This chapter reveals Paul's appreciation of all who labor for the Lord. He realized that the work of the Lord is like a tapestry. Just as many hues and colors are blended together to create a beautiful design, so many types of service are needed to present and reveal the wonderful love of God! As each member of the body of Christ wholeheartedly contributes what the Lord has given him, God's wonderful design will emerge and be revealed to the world. It will be like a full orchestra producing a beautiful symphony of praise to our Lord and Savior!
"I commend to you our sister Phoebe, who is a servant of the church which is at Cenchrea; that you receive her in the Lord in a manner worthy of the saints, and that you help her in whatever matter she may have need of you; for she herself has also been a helper of many, and of myself as well." (vv.1-2)
Apparently Phoebe, of the church at Cenchrea (the eastern seaport of Corinth), was planning to go to Rome on business, and would carry this letter to its destination. Paul wanted the church at Rome to know that she was a woman worthy of their trust and help.
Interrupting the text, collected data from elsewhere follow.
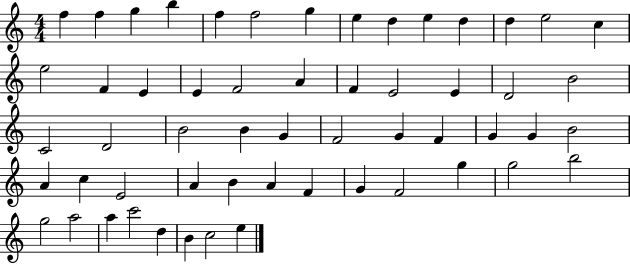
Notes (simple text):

F5/q F5/q G5/q B5/q F5/q F5/h G5/q E5/q D5/q E5/q D5/q D5/q E5/h C5/q E5/h F4/q E4/q E4/q F4/h A4/q F4/q E4/h E4/q D4/h B4/h C4/h D4/h B4/h B4/q G4/q F4/h G4/q F4/q G4/q G4/q B4/h A4/q C5/q E4/h A4/q B4/q A4/q F4/q G4/q F4/h G5/q G5/h B5/h G5/h A5/h A5/q C6/h D5/q B4/q C5/h E5/q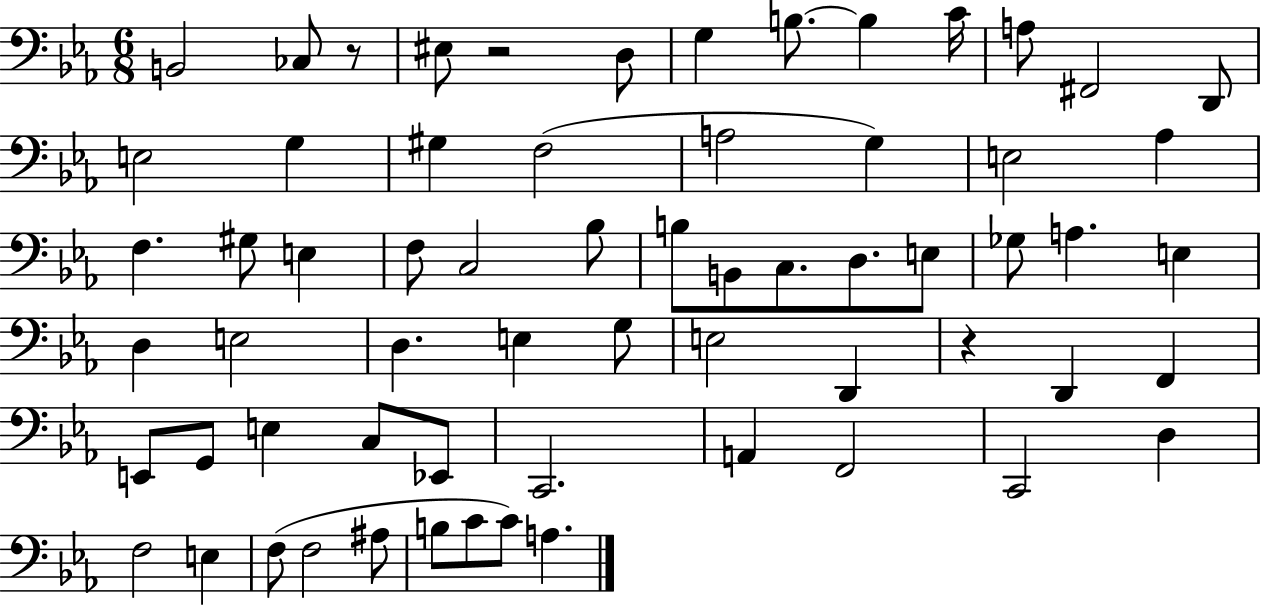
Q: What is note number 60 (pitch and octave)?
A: C4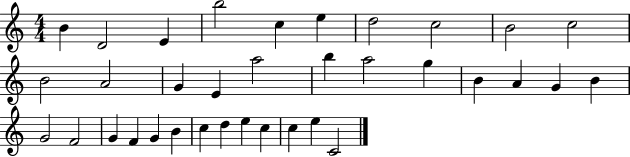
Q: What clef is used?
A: treble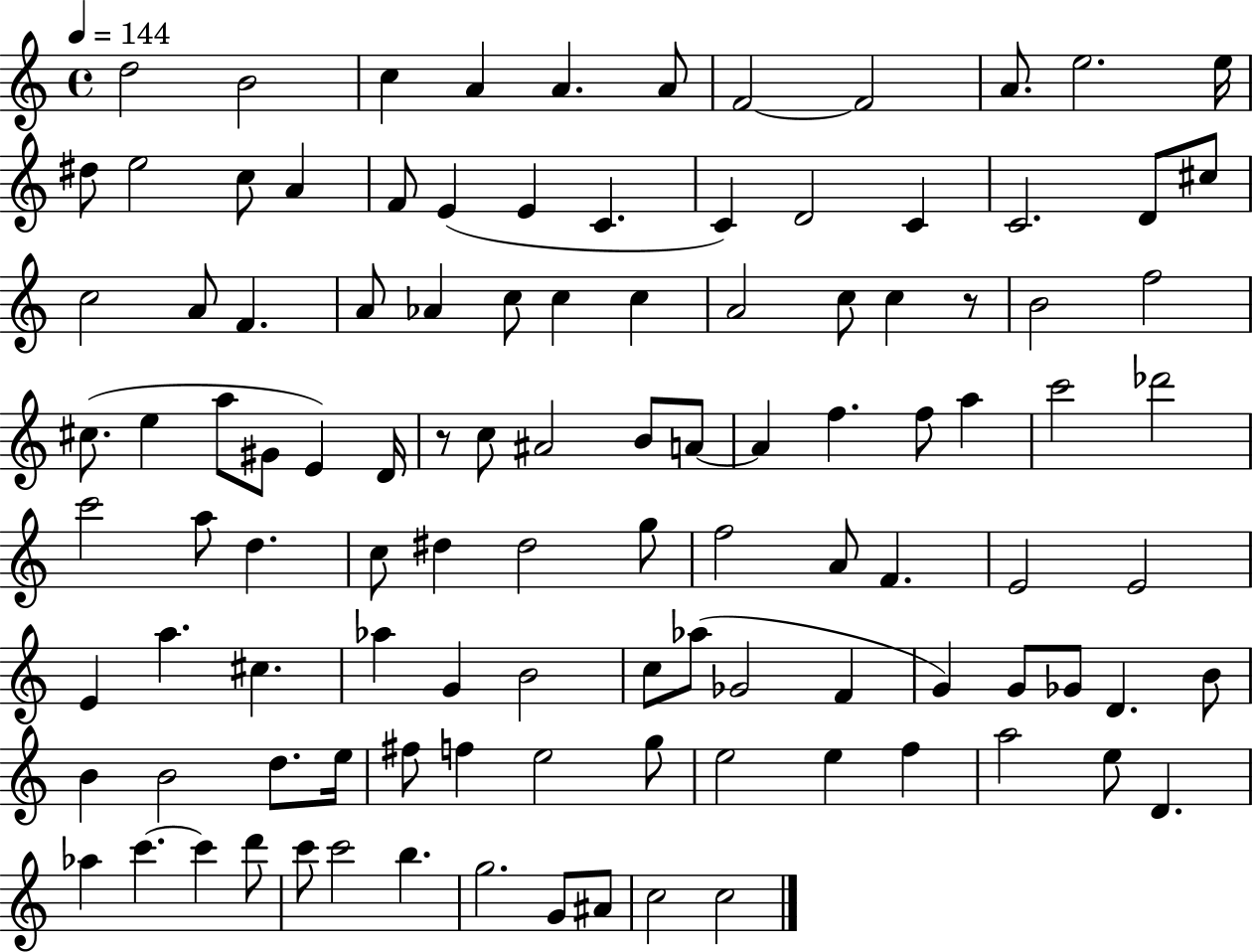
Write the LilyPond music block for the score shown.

{
  \clef treble
  \time 4/4
  \defaultTimeSignature
  \key c \major
  \tempo 4 = 144
  \repeat volta 2 { d''2 b'2 | c''4 a'4 a'4. a'8 | f'2~~ f'2 | a'8. e''2. e''16 | \break dis''8 e''2 c''8 a'4 | f'8 e'4( e'4 c'4. | c'4) d'2 c'4 | c'2. d'8 cis''8 | \break c''2 a'8 f'4. | a'8 aes'4 c''8 c''4 c''4 | a'2 c''8 c''4 r8 | b'2 f''2 | \break cis''8.( e''4 a''8 gis'8 e'4) d'16 | r8 c''8 ais'2 b'8 a'8~~ | a'4 f''4. f''8 a''4 | c'''2 des'''2 | \break c'''2 a''8 d''4. | c''8 dis''4 dis''2 g''8 | f''2 a'8 f'4. | e'2 e'2 | \break e'4 a''4. cis''4. | aes''4 g'4 b'2 | c''8 aes''8( ges'2 f'4 | g'4) g'8 ges'8 d'4. b'8 | \break b'4 b'2 d''8. e''16 | fis''8 f''4 e''2 g''8 | e''2 e''4 f''4 | a''2 e''8 d'4. | \break aes''4 c'''4.~~ c'''4 d'''8 | c'''8 c'''2 b''4. | g''2. g'8 ais'8 | c''2 c''2 | \break } \bar "|."
}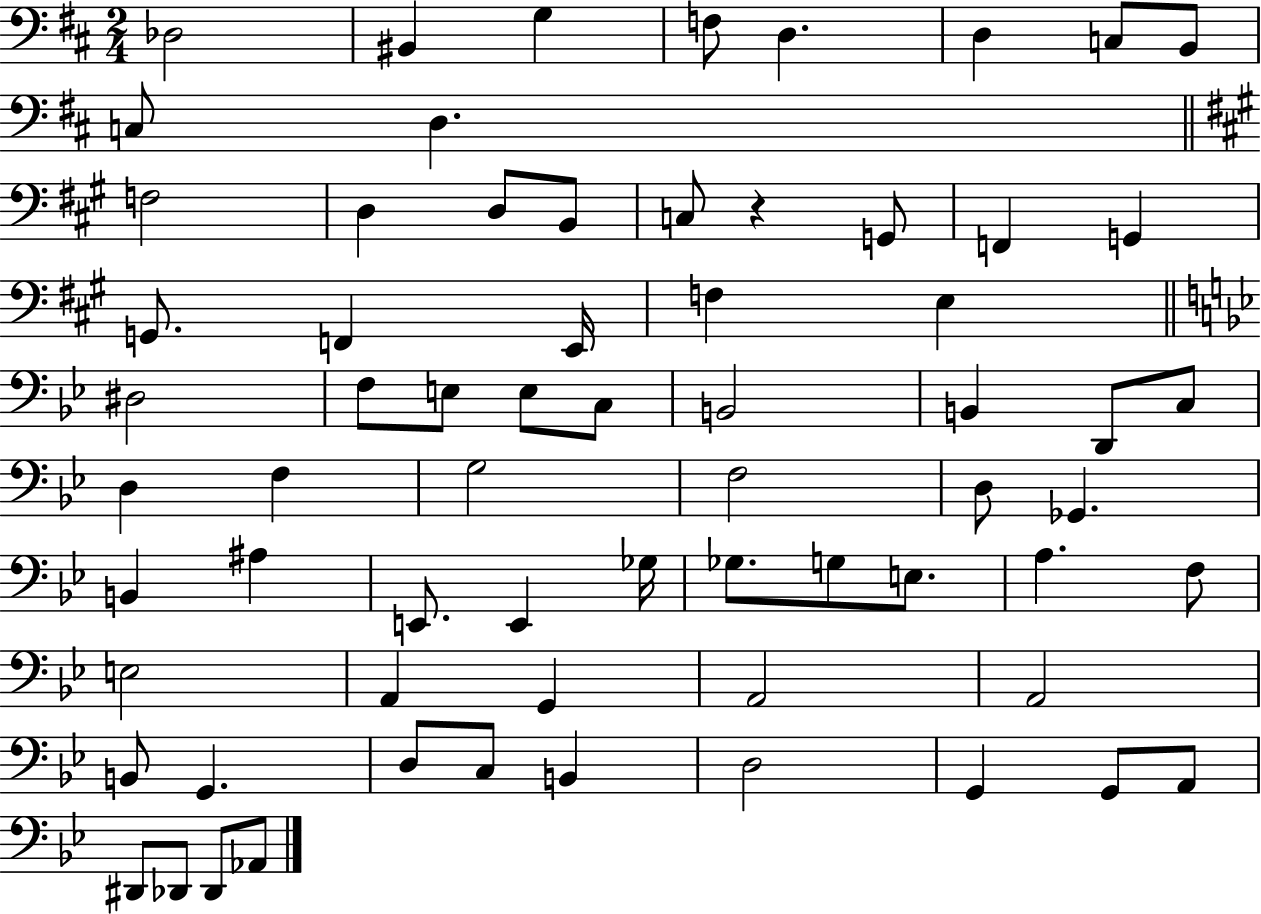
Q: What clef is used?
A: bass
She was not a phony, preying on their time and resources for selfish reasons and for her own benefit. Paul's recommendation ensured her favorable acceptance by the church.
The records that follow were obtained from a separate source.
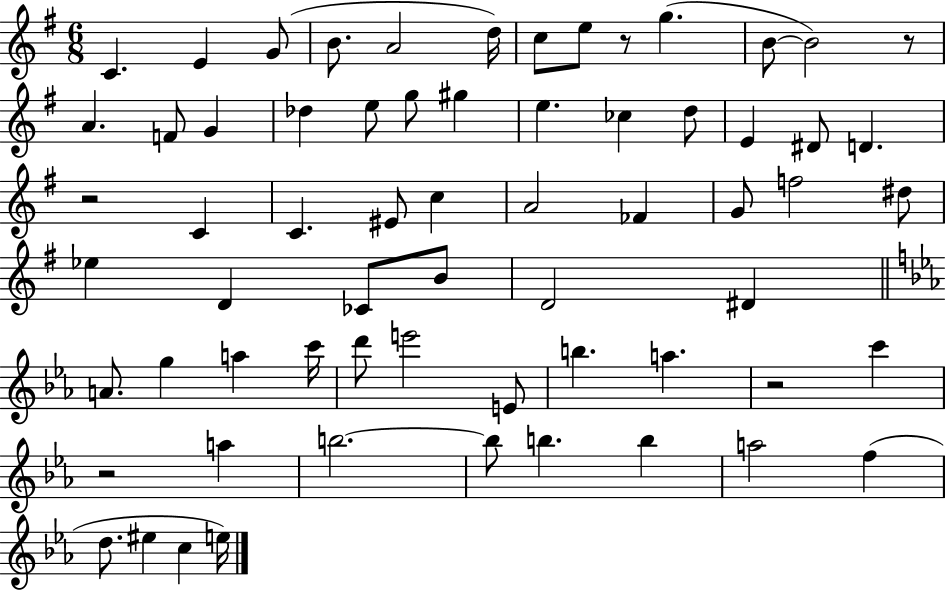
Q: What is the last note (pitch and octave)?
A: E5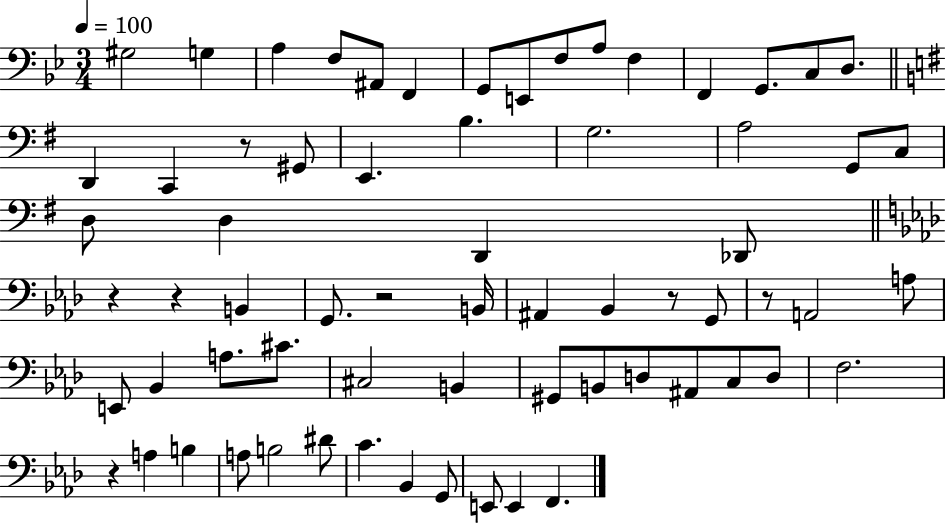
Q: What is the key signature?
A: BES major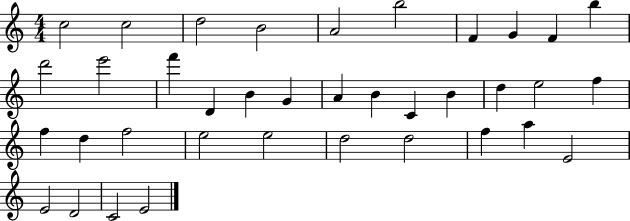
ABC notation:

X:1
T:Untitled
M:4/4
L:1/4
K:C
c2 c2 d2 B2 A2 b2 F G F b d'2 e'2 f' D B G A B C B d e2 f f d f2 e2 e2 d2 d2 f a E2 E2 D2 C2 E2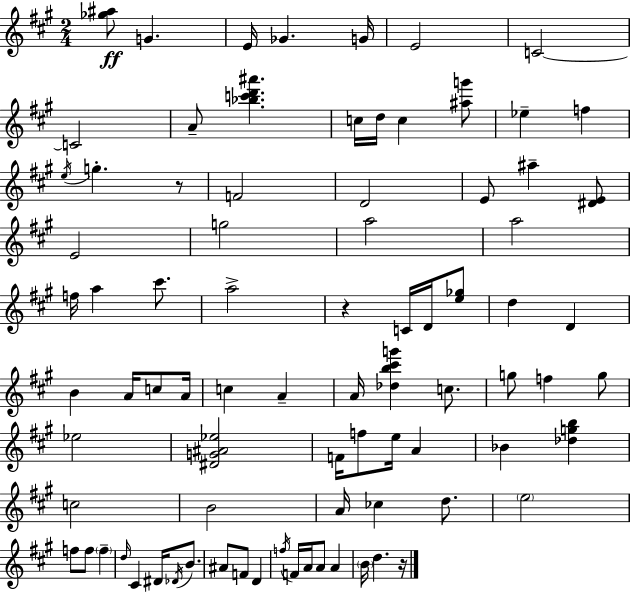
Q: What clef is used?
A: treble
Phoebe was a deaconess in the church at Cenchrea. The Greek DIAKONOS primarily denotes a servant - whether doing servile work, or an attendant rendering free service. Here it is used in relationship to her service in the church. This is the only time it is used of a woman in the New Testament. Since the translators probably did not want to give the honor of being a deaconess to a woman, it was translated servant instead of deaconess.
She was also a helper or succourer of many. The Greek word PROSTATIS means a protectress or helper. Athenian writers used this word when referring to those who took in strangers. Most likely she had also entertained Paul and his friends; we know that she had helped them in their work.
Paul appreciated the work women did in the church. Their ministry of love and ministry of the word did not go unnoticed by him. In spite of his busy life, he kept up his interest in people. Although he had not been to Rome, he had a long list of friends there!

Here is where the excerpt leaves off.